## Assigned task
Filter the entries beneath this task, copying only the lines that hold the word "your".

## Listed entries
+--

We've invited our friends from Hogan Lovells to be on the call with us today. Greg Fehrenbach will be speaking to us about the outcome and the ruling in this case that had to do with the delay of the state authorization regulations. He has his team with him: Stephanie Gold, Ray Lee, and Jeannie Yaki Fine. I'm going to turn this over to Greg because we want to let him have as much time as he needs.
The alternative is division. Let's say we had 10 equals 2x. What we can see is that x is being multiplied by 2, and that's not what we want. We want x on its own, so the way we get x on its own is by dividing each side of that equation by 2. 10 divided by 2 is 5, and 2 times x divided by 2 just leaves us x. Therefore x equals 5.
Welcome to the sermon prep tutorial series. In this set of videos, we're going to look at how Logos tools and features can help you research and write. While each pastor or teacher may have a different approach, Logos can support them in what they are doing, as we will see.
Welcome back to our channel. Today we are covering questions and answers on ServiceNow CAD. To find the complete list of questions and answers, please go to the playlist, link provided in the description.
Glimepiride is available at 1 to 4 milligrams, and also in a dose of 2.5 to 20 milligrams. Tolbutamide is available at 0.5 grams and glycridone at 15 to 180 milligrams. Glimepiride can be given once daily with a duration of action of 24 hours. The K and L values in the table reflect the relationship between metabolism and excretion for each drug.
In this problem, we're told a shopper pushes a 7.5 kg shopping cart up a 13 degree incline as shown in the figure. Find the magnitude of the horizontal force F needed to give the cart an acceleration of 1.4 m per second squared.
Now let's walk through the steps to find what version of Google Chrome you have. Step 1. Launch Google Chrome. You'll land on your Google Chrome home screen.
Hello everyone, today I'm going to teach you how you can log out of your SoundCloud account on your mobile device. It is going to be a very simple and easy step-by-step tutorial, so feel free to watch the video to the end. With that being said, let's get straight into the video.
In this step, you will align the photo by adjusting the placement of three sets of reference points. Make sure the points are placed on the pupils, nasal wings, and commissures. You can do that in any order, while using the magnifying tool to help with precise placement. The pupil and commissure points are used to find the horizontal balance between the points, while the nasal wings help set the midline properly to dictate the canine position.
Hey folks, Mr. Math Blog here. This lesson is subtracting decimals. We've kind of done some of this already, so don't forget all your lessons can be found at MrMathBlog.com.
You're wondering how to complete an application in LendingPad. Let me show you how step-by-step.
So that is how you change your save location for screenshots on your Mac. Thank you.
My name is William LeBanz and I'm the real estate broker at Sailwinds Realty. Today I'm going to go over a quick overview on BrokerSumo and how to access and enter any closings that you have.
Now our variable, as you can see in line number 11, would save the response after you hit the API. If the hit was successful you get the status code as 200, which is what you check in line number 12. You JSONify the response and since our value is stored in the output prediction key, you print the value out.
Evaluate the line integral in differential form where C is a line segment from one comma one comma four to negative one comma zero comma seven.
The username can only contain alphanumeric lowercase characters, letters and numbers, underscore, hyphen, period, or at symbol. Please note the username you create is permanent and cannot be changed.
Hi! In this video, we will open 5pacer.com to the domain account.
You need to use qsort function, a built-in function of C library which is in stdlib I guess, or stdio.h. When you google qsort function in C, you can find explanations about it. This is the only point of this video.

+--

## Written reply
Now let's walk through the steps to find what version of Google Chrome you have. Step 1. Launch Google Chrome. You'll land on your Google Chrome home screen.
Hello everyone, today I'm going to teach you how you can log out of your SoundCloud account on your mobile device. It is going to be a very simple and easy step-by-step tutorial, so feel free to watch the video to the end. With that being said, let's get straight into the video.
Hey folks, Mr. Math Blog here. This lesson is subtracting decimals. We've kind of done some of this already, so don't forget all your lessons can be found at MrMathBlog.com.
So that is how you change your save location for screenshots on your Mac. Thank you.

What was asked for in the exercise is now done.